Citigroup’s decision to withdraw from retail banking in South Korea has sparked concerns over the possibility of other global financial companies following suit.
Korea has nurtured ambitions to become Asia’s next financial hub for nearly 20 years, but in that time, the presence of foreign banks has not grown, but weakened. Citi’s choice of Korea as one of 13 markets to exit suggests that trend is continuing.
According to data published April 14 by Financial Hub Korea under the Financial Supervisory Service, the number of foreign banks’ branches and offices has been falling every year. As of end-December last year, the figure dropped further to 54, from 60 four years ago, excluding the retail branches of Citibank and UK multinational Standard Chartered.
Since 2017, five foreign brokerages, asset management houses and insurance firms have also left the country, it added.
The departure of foreign institutions in recent years appears to have been triggered by HSBC’s sale of its retail business here eight years ago, according to market experts. Royal Bank of Scotland left in 2015, followed by Barclays in 2017, while Goldman Sachs, UBS and Australia-based Macquarie have all reduced their presence in Korea. Global insurer ING withdrew its business from Korea in 2013, and UK-based Prudential Financial sold its local unit PCA Life Insurance to Mirae Asset in 2017. Paris-based AXA Group’s insurance operation in Korea has also been put up for sale.
Plummeting profits and rising costs have been cited as the main reasons for banks leaving the country, but the foreign exodus demonstrates how South Korea is losing its charm as a market for future growth -- and the nation’s strict regulations are to blame, experts say.

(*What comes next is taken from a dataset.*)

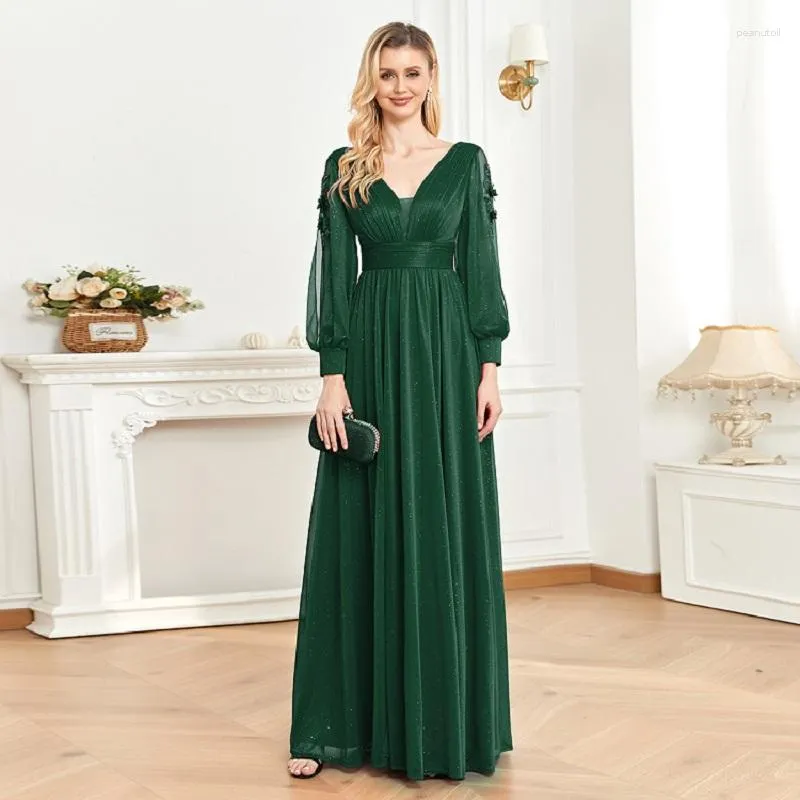 فساتين الحفلات Xuibol Green Evening Dress Elegant Long Sleeve Lace الرسمية الموضة المثيرة Split V-Neck 2023 Women Wedding Prom Down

“Amid the ongoing low-rate environment, global financial companies have decided to withdraw businesses from less profitable nations. ... They commonly have stricter financial regulations and Korea has even tougher restraints among them,” said Kim Sang-bong, an economics professor at Hansung University, citing the Financial Services Commission’s involvement in banks’ dividend payouts.
High corporate tax is another reason, said Sung Tae-yoon, an economics professor at Yonsei University.
“Korea’s maximum corporate tax is too high compared to other Asian countries such as Singapore and Hong Kong. And there are plenty of stubborn financial regulations that make it difficult for financial firms to do business stably,” he said.
Regulators, however, still argue that the market is full of opportunity.
“We count on global financial companies to join in a new journey with us to mutual growth of the Korean economy and finance,” Financial Supervisory Service Gov. Yoon Suk-heun said in a keynote speech at FSS Speaks 2021 held online last week.
“If Korea successfully innovates its industry and economic structure through your cooperation, Korea will soon play a role as a leader in the green industry based on its strength in digitalization,” he said.
To convince foreign companies to stay, however, the government needs to review its entire strategy, which has barely changed for nearly two decades, according to Korea Institute of Finance. Citing London-based think tank Z/Yen Group’s latest survey’s results, Seoul ranked as the world’s 25th most influential financial center as of September last year, down 11 notches from 14th four years ago.
“Beginning with the governmental moves to create a financial hub in Northeast Asia in 2003, Korea has constantly promoted the financial center policy, but distinct improvement has not been made so far,” KIF researcher Suh Jeong-ho wrote in the report.
The government may have to highlight its strong IT infrastructure and its rapidly improving environment for data utilization in the post-pandemic era, he added. Construction of an extra engine test bed, in addition to robo-advisers and blockchain designations and strengthening the global cooperation network are some suggestions, he said.